As charities exist for public benefit, if accountability for ESG “fall[s] below society’s expectations” supporters will “readily move on”, the finance firm has warned.
Nick Sladden, head of charities at RSM, said: “It’s not much use if you’re a charity that does a lot of good if, for example, that same charity is a significant polluter.”
Sladden was joined by Carys Tetlaw, senior consultant at RSM to speak at Civil Society Media’s ESG Imperative event yesterday.
They discussed the findings from RSM's new report, What Does ESG Mean for the Charity Sector?, which analysed 114 charities' annual accounts.
None of the charities surveyed had a strategy specifically labelled under ESG, whilst most corporate organisations do.
However, just under a quarter (23%) of charities did include a section referencing activity that aligned to ESG reporting.
Only 17% of charities' annual accounts included streamlined energy and carbon reporting. Some 14% of charities surveyed had a specific webpage dedicated to ESG.
Charities did score relatively well on the governance aspect of ESG, with a third having adopted a governance code.
Charities are expected to act on ESG
The report finds charities have a “head start” when it comes to ESG, as the purpose of a charity is to provide public benefit and cause no harm to the environment – so it already aligns with most charitable objectives.
Sladden said: “This is becoming a wider responsibility for us all.
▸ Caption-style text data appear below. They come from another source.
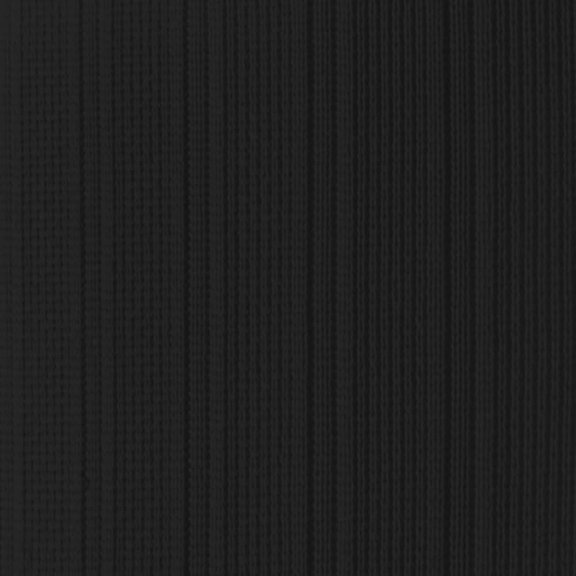 Womens Jobst SoSoft Knee Highs Socks - Firm Compression - Black - XL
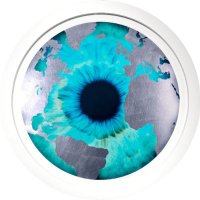Geeky Creatures (@geekycreatures) 's Twitter Profile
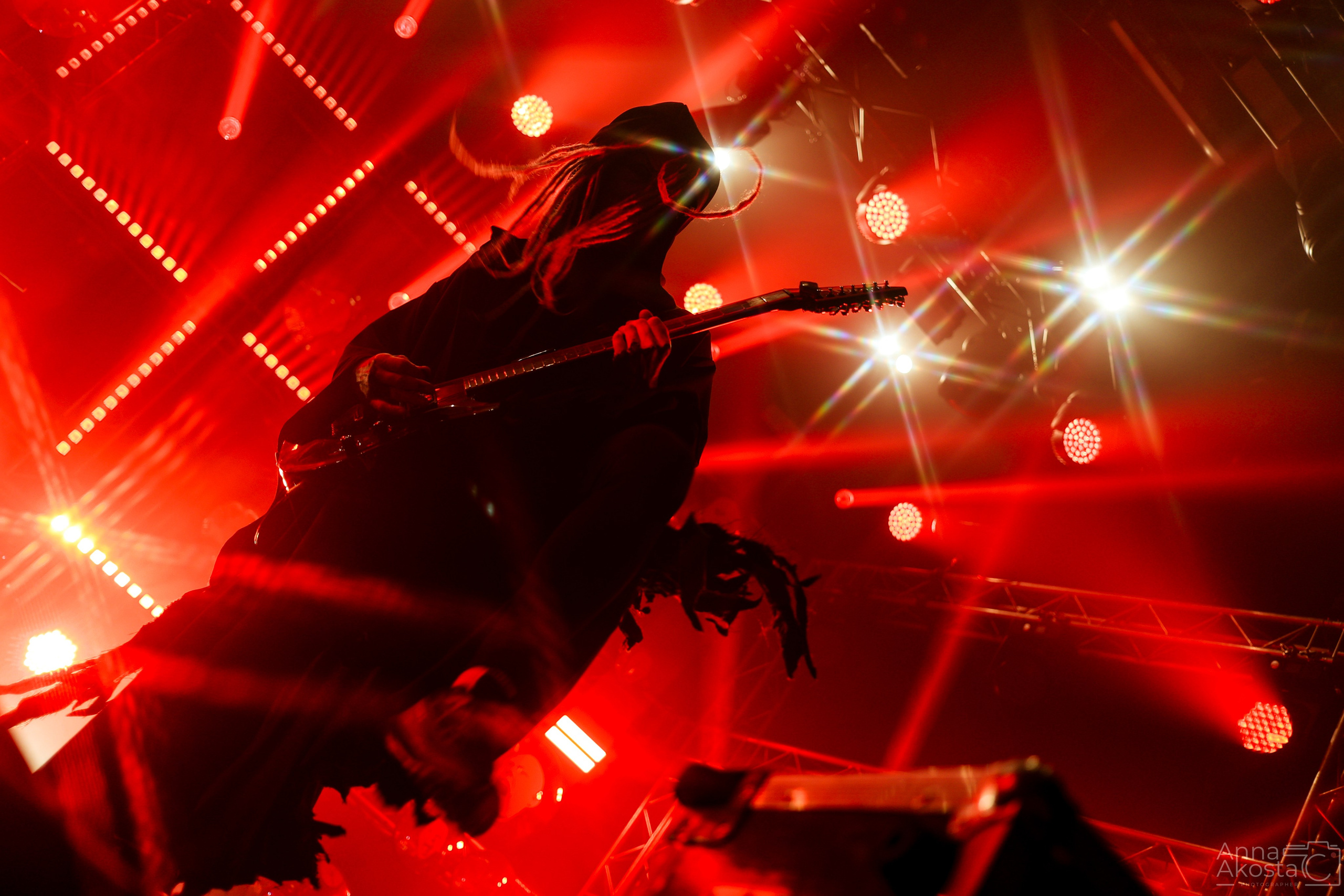 ПНЕВМОСЛОН | A2 | СПб. Анна Акоста: фотограф в Санкт-Петербурге и Таганроге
We cannot ignore the obligation to act on climate change.”
He then went on to discuss how charities can create an ESG strategy.
“In order to start from scratch with your ESG strategy you need to know where you are,” Sladden said.
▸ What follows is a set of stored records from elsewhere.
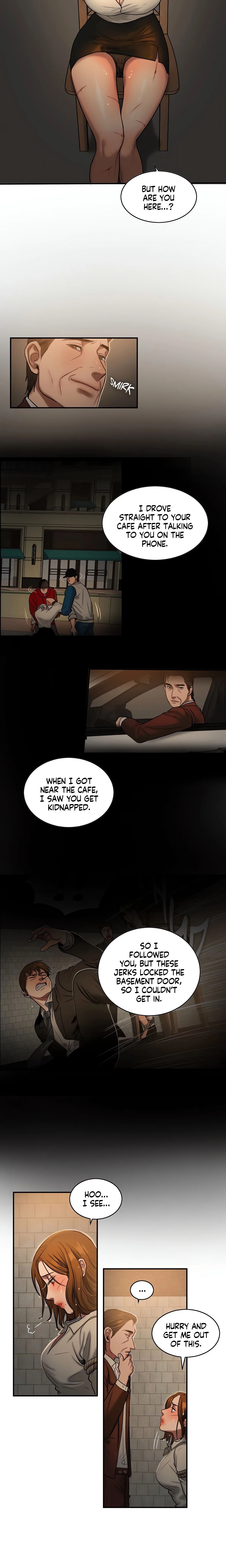 Chapter 47, page 6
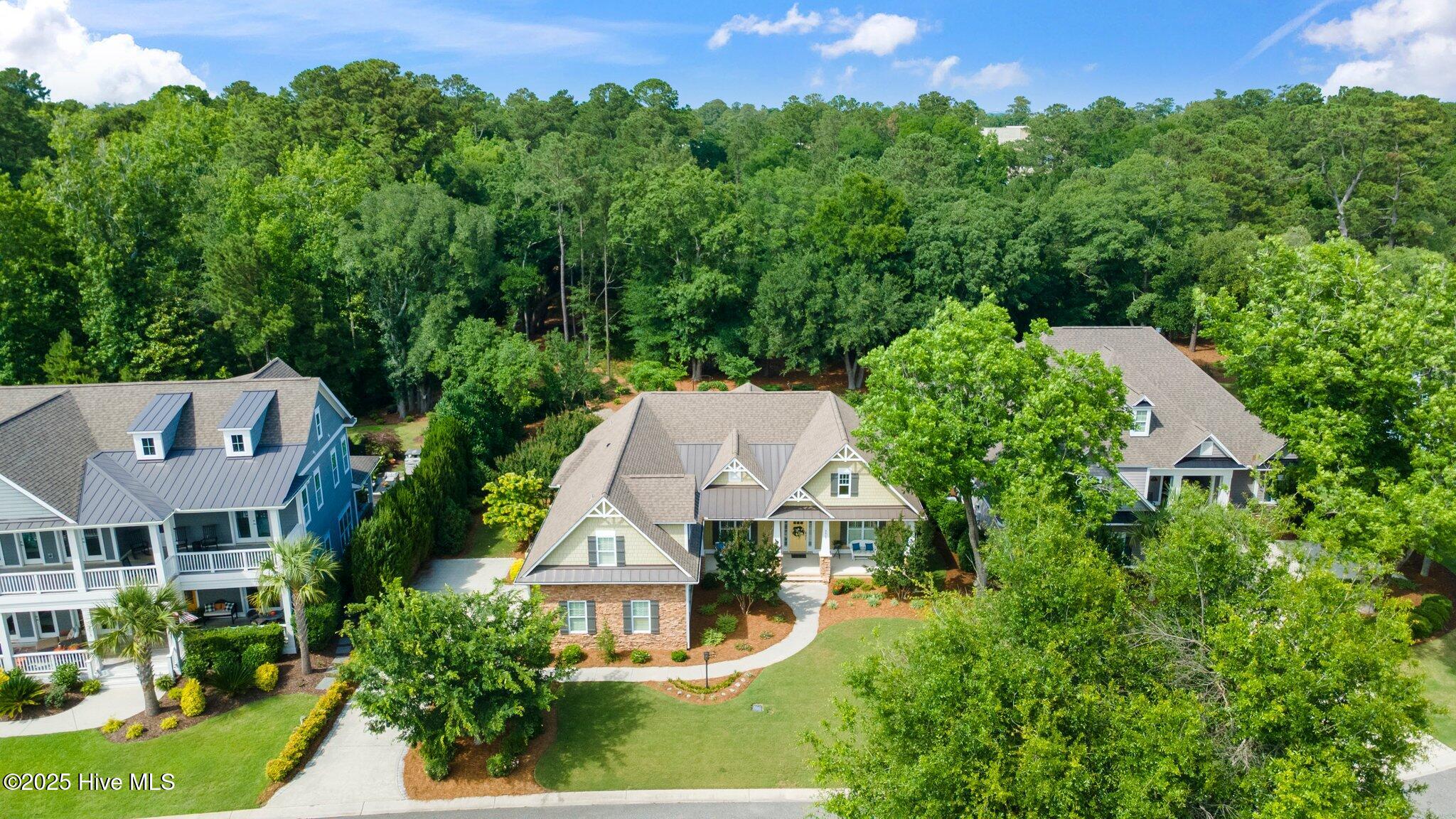 100508421 | Photo 85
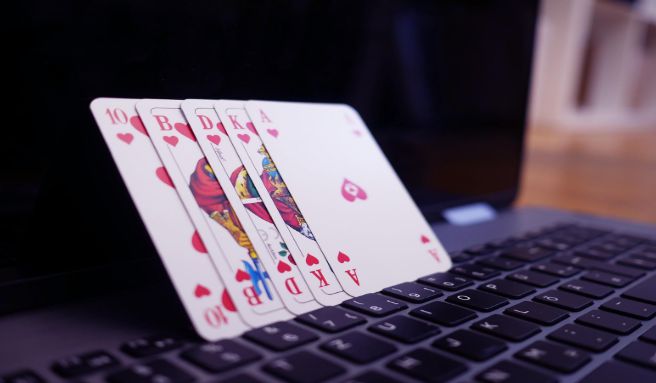 97Win cung cấp các ưu đãi và chương trình khuyến mãi, bao gồm cả mã giảm giá - 97Win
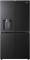 Миниатюра Haier BC13PGE00 HCW99F18DIMB, фото 1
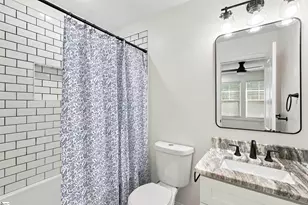 350 W Caroline St, Greenville, SC 29611 - Photo 25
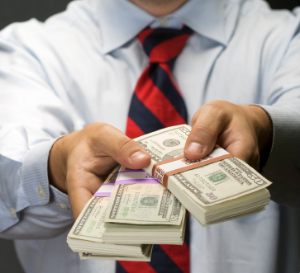 getting a raise.jpg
His colleague, Tetlaw, added: “ESG needs to be bespoke for what your operations are.”
She gave the example of working from home not being the automatically most environmentally-friendly option, as it depends on how many people are sharing an energy supply in that household. In some cases, it might be more efficient to work from an office.
How do you create an ESG strategy?
Sladden outlined seven steps charities could take to create an effective ESG strategy:
- Working group – charities should assemble a working group dedicated to ESG reporting which tracks the charity’s actions. This should be made up of the best-suited people and include a senior leader, they advised.
- Self-assessment – a charity should conduct a self-assessment on what they are currently doing that aligns with ESG reporting.
- Where do you want to be? – outline how your charity wants to improve on ESG reporting.
- Board endorsement – discuss these new ideas with the board.
- Partner collaboration – enhanced ESG reporting could open opportunities for more partner collaborations that have a natural fit with your cause, Sladden said.
- Report to stakeholders – ensure your stakeholders know your position on the matters.
- Continuous involvement – Sladden emphasised that ESG is a journey that will not happen overnight.
Sladden closed the session with a call to action. He said: “The charity sector should be proud of the efforts they have made to date reporting on ESG, however we shouldn’t be complacent. ESG is evolving rapidly so it’s vital to stay up to date and abreast of any new regulations.”
RSM plans to repeat the research in a year to 18 months’ time.